The Right to Contraception Act – introduced by Sens. Ed Markey (D-MA), Mazie Hirono (D-HI), and Tammy Duckworth (D-IL) – would guarantee a legal right for people to obtain and use contraception, including condoms, hormonal birth control, intrauterine devices (IUDs), and vasectomies.

The bill would ban the federal and state governments from restricting access to contraception, but it wouldn’t require any healthcare provider or employer to cover contraception.

Senate Majority Leader Chuck Schumer (D-NY) said that the bill would come up for a vote today, just weeks before the two-year anniversary of when the Supreme Court overturned Roe v. Wade and, with it, the federal right to an abortion.

“Decades after the U.S. Supreme Court affirmed the constitutional right to access contraception, this same right is being threatened for millions of Americans as a result of Republicans’ successful efforts to overturn Roe v. Wade,” the statement says.

“Economic, social, and personal freedom are attacked when the right to contraception comes under attack.
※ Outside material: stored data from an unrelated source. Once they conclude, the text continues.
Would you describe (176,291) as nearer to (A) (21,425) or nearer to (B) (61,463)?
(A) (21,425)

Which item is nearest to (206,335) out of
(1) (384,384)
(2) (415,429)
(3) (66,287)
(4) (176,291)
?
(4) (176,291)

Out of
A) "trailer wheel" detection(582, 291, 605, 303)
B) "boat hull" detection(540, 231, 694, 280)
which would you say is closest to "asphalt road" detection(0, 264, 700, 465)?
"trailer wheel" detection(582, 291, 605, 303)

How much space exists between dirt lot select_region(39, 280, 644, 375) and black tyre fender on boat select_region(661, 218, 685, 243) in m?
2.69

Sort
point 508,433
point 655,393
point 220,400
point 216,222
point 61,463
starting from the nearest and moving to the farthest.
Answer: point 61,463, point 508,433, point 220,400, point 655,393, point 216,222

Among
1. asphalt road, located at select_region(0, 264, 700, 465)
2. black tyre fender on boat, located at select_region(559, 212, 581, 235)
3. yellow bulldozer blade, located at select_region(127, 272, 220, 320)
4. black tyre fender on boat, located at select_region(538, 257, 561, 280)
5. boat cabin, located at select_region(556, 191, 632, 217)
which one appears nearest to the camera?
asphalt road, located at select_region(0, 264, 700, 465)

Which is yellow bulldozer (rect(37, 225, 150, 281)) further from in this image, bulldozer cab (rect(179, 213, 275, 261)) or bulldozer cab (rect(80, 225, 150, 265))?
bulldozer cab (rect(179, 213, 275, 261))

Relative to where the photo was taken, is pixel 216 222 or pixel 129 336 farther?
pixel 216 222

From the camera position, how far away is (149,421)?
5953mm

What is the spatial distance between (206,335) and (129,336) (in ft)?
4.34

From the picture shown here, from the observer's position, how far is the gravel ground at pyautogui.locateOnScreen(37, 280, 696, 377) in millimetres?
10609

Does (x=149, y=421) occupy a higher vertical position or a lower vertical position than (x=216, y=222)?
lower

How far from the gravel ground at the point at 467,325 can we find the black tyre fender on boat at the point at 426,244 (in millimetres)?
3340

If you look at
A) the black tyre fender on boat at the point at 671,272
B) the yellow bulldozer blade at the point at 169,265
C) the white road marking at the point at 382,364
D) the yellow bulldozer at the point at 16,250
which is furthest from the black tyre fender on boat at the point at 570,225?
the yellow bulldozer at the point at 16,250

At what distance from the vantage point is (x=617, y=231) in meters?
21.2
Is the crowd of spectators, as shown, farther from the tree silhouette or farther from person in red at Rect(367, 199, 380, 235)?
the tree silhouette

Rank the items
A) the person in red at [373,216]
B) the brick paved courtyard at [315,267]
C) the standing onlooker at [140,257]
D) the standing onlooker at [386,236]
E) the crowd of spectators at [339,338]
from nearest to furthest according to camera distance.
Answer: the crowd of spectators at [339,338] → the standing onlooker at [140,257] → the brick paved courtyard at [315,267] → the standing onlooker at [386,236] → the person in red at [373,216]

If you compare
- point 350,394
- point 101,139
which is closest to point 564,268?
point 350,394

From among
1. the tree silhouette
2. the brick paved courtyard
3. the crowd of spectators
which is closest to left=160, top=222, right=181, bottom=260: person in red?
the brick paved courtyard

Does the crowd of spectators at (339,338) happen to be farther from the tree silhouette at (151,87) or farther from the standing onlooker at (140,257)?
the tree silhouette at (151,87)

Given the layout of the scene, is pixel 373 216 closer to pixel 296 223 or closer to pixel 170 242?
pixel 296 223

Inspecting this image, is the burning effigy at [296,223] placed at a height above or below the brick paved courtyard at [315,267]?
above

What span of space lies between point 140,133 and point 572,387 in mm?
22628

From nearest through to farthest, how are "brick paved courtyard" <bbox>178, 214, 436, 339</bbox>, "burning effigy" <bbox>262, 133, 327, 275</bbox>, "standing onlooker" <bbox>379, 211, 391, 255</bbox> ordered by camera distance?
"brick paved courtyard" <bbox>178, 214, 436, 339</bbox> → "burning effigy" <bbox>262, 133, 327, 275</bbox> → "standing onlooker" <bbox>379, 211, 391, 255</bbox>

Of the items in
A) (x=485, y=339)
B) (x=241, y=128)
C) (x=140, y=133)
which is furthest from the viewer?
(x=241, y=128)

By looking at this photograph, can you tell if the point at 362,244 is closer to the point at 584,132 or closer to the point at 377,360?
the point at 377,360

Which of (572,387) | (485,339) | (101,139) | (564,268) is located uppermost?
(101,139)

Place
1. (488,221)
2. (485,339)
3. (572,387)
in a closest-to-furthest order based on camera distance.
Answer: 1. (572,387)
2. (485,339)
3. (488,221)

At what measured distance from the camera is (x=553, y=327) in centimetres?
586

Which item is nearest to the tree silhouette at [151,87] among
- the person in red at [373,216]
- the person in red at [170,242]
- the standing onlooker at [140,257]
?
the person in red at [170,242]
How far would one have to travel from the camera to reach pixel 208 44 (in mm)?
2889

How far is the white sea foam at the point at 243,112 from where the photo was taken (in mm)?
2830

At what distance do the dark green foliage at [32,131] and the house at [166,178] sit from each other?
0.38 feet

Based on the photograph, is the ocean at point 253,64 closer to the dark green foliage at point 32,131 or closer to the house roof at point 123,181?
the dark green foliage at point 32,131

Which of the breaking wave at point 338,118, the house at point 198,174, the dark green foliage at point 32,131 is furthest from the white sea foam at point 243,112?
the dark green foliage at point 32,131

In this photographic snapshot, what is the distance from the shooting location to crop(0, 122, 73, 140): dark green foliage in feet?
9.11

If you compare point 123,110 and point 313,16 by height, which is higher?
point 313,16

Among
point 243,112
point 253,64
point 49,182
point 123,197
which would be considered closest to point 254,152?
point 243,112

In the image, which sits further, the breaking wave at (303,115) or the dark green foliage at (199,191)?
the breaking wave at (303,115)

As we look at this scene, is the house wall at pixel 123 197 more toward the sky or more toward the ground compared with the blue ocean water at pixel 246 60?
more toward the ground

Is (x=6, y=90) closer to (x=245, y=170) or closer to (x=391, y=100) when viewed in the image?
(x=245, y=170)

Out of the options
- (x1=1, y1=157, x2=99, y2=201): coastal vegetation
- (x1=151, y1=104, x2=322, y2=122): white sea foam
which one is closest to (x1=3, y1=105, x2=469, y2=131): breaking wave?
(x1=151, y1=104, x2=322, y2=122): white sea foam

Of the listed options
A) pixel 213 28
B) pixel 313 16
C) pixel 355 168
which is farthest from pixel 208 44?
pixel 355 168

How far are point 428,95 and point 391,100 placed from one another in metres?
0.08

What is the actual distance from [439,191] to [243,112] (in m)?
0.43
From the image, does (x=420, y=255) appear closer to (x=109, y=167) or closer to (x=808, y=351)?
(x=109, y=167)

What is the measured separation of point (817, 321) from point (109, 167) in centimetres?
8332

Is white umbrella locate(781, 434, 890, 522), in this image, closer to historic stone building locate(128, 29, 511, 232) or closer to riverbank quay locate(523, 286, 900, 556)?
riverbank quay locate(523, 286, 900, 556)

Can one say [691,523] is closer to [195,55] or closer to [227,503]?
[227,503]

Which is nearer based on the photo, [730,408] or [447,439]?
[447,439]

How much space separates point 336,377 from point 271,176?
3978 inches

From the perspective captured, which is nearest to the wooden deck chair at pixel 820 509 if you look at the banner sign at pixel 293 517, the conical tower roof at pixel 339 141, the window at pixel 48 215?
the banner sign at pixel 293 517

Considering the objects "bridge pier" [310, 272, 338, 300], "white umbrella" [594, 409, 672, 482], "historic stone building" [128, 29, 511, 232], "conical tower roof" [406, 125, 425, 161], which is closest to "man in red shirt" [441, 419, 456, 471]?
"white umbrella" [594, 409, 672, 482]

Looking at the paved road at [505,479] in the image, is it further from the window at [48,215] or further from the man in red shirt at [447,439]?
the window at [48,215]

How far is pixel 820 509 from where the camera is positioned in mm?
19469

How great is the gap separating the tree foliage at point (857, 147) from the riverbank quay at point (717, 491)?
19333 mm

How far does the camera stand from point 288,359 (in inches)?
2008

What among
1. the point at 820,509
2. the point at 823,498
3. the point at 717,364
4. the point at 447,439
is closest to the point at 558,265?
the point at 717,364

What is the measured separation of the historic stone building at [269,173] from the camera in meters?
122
We’ve seen this Supreme Court willingly overturn decades of legal precedent to peel back reproductive rights, and we are unwilling to stand by as threats to the right to contraception escalate. The solution is to protect the right to contraception by passing our Right to Contraception Act.

Surveys show that most Americans support keeping contraception legal, this bill isn’t a slam dunk. Democrats have a slim 51-seat majority in the Senate, and the bill would need 60 votes to go to cloture so it can pass under current Senate rules. That means that at least nine Republican senators would have to vote for it in addition to all the Senate Democrats.

A memo from the National Republican Senatorial Committee (NRSC) told Senate Republicans to say that they support birth control access and to call the bill an attempt “to make this a campaign issue and scare voters because [Democrats] can’t talk about their failed policies on every other issue,” Axios reports.

They told the senators to instead talk about a different bill introduced by Sen. Joni Ernst’s (R-IA) Allowing Greater Access to Safe and Effective Contraception Act. Ernst accuses the Democratic bill of taking away “parental rights” and limiting “religious freedoms” without explaining how the Democratic bill does so.

While there are not currently any states attempting to ban birth control, IVF has already come under fire due to Republican attacks on abortion rights. Earlier this year, the Alabama Supreme Court ruled that embryos produced in order to undergo the fertility treatments are unborn children under state law, which threatened to stop IVF treatments in the state.